Compared with the example 5, the modifier is not added, and the rest raw materials and the preparation process are kept unchanged.

Comparative example 2

The auxiliary in example 5 was replaced by dicyandiamide, the remaining raw materials and the preparation process were kept unchanged.

The powder coatings prepared in examples 4-6 and comparative examples 1-2 were electrostatically sprayed on a rust-removing and oil-removing cold-rolled steel plate with a thickness of 1.0mm by a corona spray gun, and then baked at 180 ℃ for 20min, with a coating thickness of 70 μm + -3 μm, and tested for salt spray resistance for 480h and 1000h according to the standard GB/T1771-2007; testing the water resistance for 1000h according to the standard GB/T1733-93; impact resistance according to standard GBT 1732-1993; testing the ultraviolet accelerated aging resistance time according to the standard GB/T23987-2009; the test results are shown in table 1 below:

TABLE 1

	Salt spray resistance of 480h	Salt fog resistance of 1000h	Impact resistance	When aging resistantWorkshop
					Example 4	No cracking and no foaming	No blister and no blushing	73.0cm	>1600h
Example 5	No cracking and no foaming	No blister and no blushing	73.3cm	>1600h
					Example 6	No cracking and no foaming	No blister and no blushing	73.1cm	>1600h
Comparative example 1	Cracking blister	Whitening and peeling	51.1cm	<1000h
					Comparative example 2	Cracking blister	Whitening and peeling	65.6cm	<1000h

As can be seen from the above Table 1, the corrosion-resistant epoxy resin coating prepared by the invention has better water resistance, oil resistance, corrosion resistance, aging resistance and the like, and has more stable performance.

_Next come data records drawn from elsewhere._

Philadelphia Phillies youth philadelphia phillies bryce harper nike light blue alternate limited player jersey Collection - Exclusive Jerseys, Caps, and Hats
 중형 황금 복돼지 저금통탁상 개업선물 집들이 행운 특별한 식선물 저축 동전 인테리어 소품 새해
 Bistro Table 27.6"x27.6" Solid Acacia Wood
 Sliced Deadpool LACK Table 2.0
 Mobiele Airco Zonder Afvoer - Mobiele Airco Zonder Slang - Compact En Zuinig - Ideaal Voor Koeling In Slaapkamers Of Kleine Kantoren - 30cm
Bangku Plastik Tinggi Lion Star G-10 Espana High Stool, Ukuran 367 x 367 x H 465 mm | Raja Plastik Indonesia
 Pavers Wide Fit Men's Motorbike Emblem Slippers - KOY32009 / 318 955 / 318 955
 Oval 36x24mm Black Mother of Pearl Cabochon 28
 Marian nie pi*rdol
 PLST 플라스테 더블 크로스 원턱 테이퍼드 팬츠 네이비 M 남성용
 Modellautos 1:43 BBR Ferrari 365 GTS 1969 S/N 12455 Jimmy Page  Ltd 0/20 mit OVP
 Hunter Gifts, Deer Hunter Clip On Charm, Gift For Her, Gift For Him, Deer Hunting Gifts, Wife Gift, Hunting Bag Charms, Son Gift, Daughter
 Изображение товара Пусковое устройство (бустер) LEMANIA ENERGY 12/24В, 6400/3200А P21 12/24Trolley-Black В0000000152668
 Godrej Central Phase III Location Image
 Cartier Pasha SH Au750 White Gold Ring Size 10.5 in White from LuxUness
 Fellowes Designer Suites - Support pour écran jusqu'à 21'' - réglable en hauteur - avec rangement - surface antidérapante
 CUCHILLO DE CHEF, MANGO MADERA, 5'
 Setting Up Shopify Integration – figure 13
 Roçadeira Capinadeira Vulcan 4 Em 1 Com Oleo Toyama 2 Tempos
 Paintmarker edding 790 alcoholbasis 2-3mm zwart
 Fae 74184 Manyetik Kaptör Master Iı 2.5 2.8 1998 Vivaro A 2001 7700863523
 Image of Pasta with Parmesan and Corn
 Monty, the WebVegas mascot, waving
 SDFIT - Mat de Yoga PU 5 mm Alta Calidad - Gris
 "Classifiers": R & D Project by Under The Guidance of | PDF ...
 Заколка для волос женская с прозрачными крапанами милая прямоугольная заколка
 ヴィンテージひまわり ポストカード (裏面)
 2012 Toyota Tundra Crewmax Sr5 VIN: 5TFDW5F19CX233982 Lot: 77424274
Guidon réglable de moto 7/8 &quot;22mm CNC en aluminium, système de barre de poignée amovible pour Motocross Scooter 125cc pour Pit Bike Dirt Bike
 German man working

In the description herein, references to the description of "one embodiment," "an example," "a specific example" or the like are intended to mean that a particular feature, structure, material, or characteristic described in connection with the embodiment or example is included in at least one embodiment or example of the invention. In this specification, the schematic representations of the terms used above do not necessarily refer to the same embodiment or example. Furthermore, the particular features, structures, materials, or characteristics described may be combined in any suitable manner in any one or more embodiments or examples.

The foregoing is illustrative and explanatory only and is not intended to be exhaustive or to limit the invention to the precise embodiments described, and various modifications, additions, and substitutions may be made by those skilled in the art without departing from the scope of the invention or exceeding the scope of the claims.